■ What you will do:
Below are records that hold pictures; write out only the lines from their start through the line with "Cover Electric Peace - Road To Peace", exactly, and drop the pictures.

■ Crawled caption data:
☆ ☆ ☆
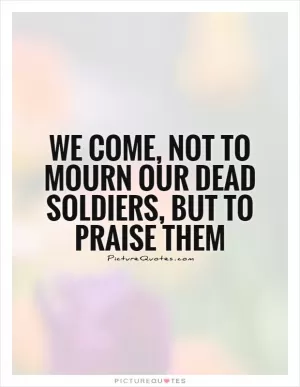 We come, not to mourn our dead soldiers, but to praise them Picture Quote #1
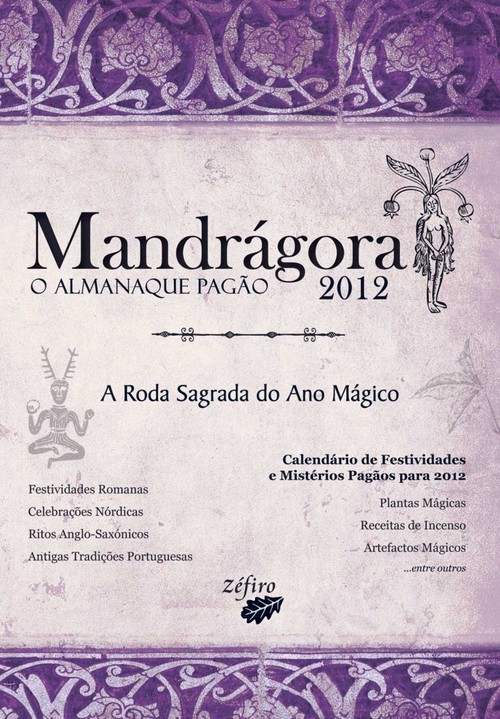 [9789896770778] Mandrágora: o Almanaque Pagão 2012: a Roda Sagrada Do Ano Mágico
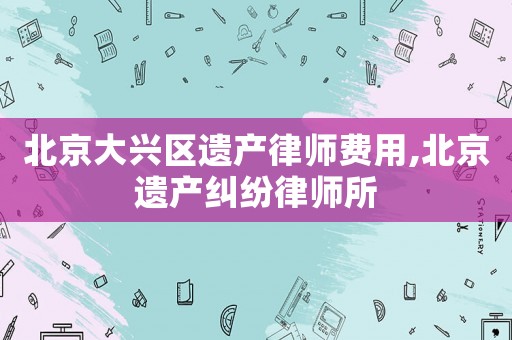 北京大興區(qū)遺產(chǎn)律師費用,北京遺產(chǎn)糾紛律師所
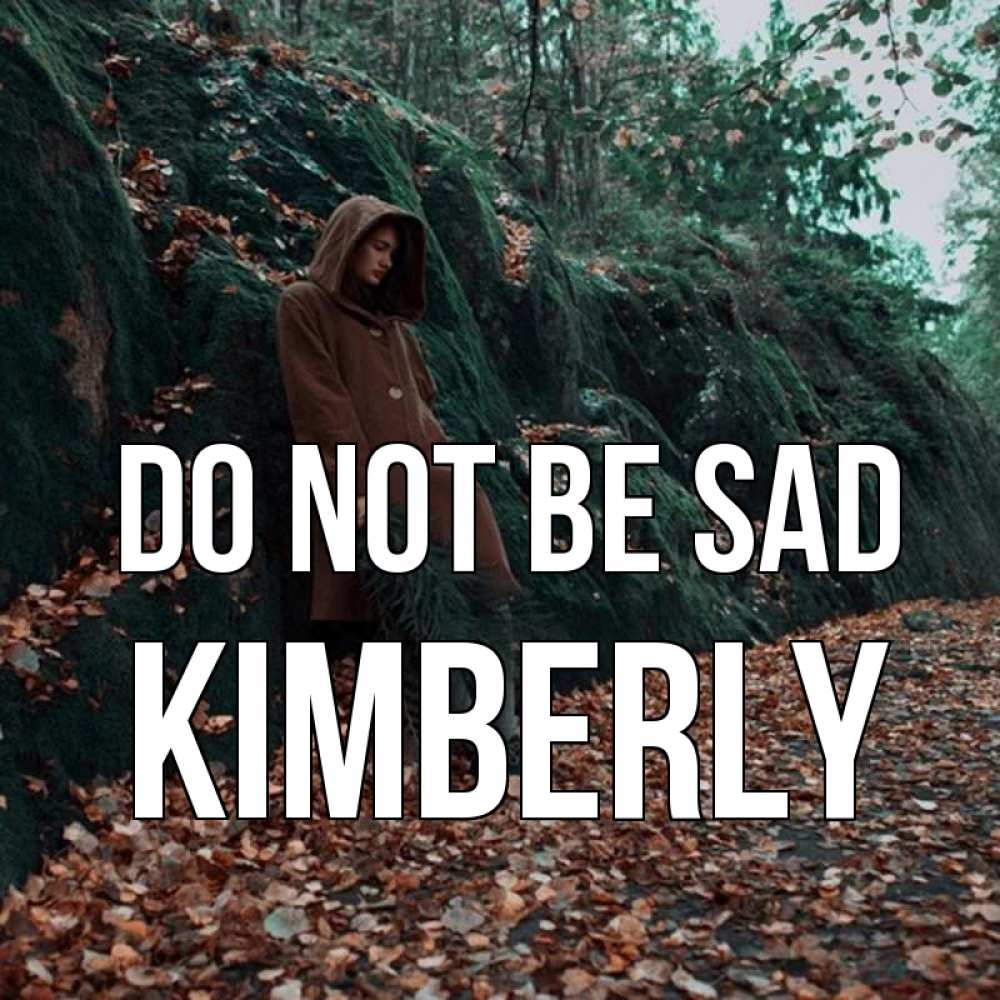 Greetings card с именем, Kimberly Do not be sad осенний лес Greetings with text for free download 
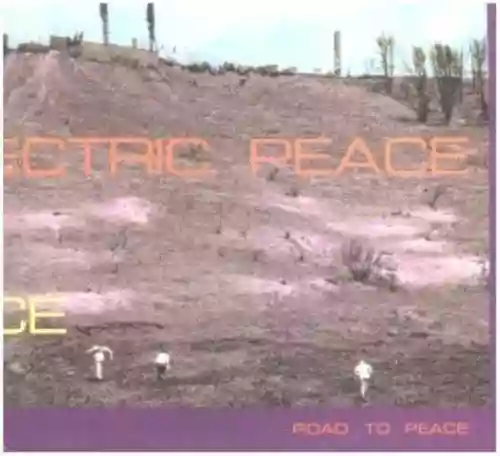 Cover Electric Peace - Road To Peace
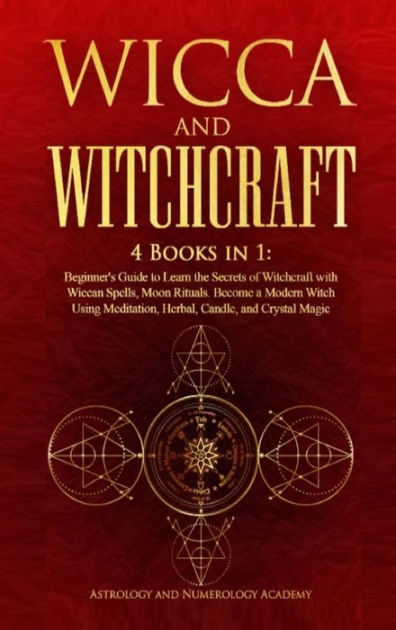 WICCA AND WITCHCRAFT: 4 Books in 1: Beginner's Guide to Learn the ...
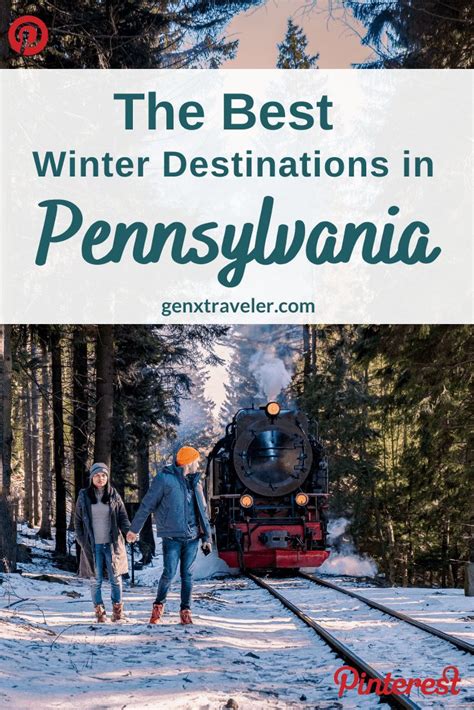 The Best Winter Getaways In Pa To Visit Now Genxtraveler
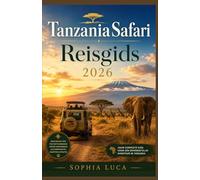 TanzaniaSafari Reisgids 2026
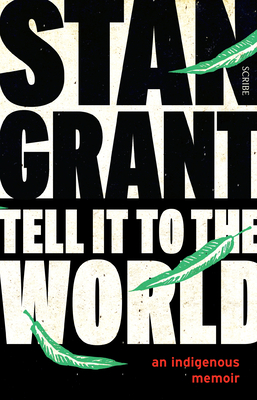 Tell It to the World: An Indigenous Memoir - Grant, Stan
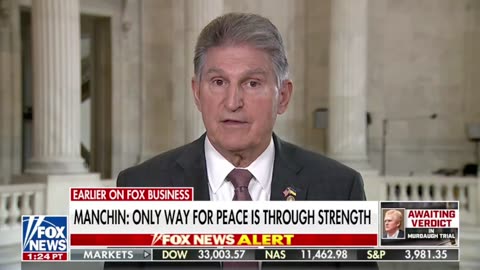 Sen. Manchin: "The only way you're going to have peace is peace through strength."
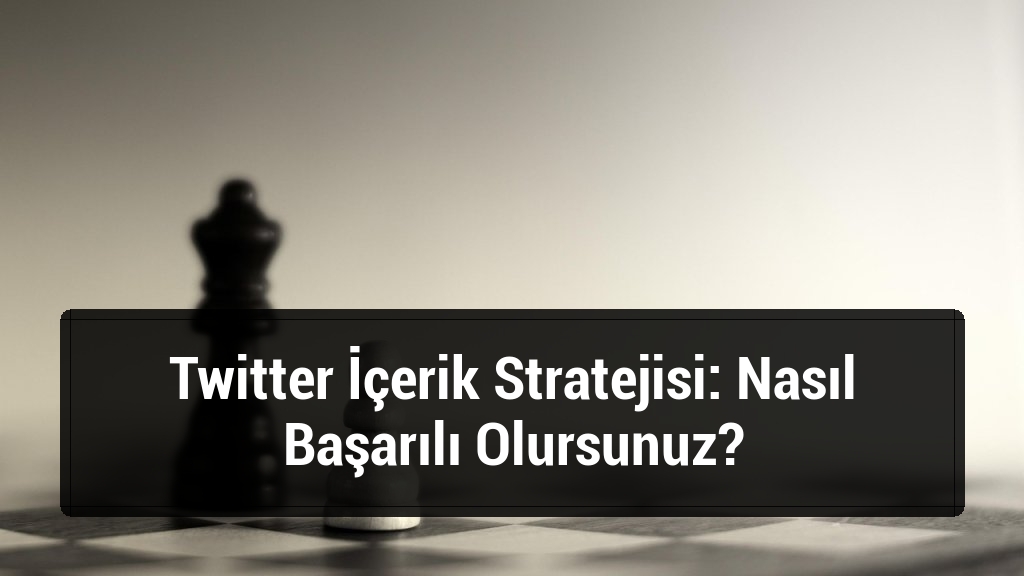 Twitter İçerik Stratejisi: Nasıl Başarılı Olursunuz?
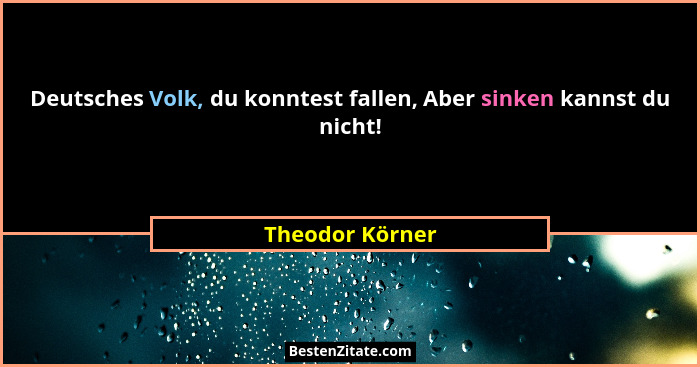Deutsches Volk, du konntest fallen, Aber sinken kannst du nicht!... - Theodor Körner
☆ ☆ ☆
■ Answer for the task:
 We come, not to mourn our dead soldiers, but to praise them Picture Quote #1
 [9789896770778] Mandrágora: o Almanaque Pagão 2012: a Roda Sagrada Do Ano Mágico
 北京大興區(qū)遺產(chǎn)律師費用,北京遺產(chǎn)糾紛律師所
 Greetings card с именем, Kimberly Do not be sad осенний лес Greetings with text for free download 
 Cover Electric Peace - Road To Peace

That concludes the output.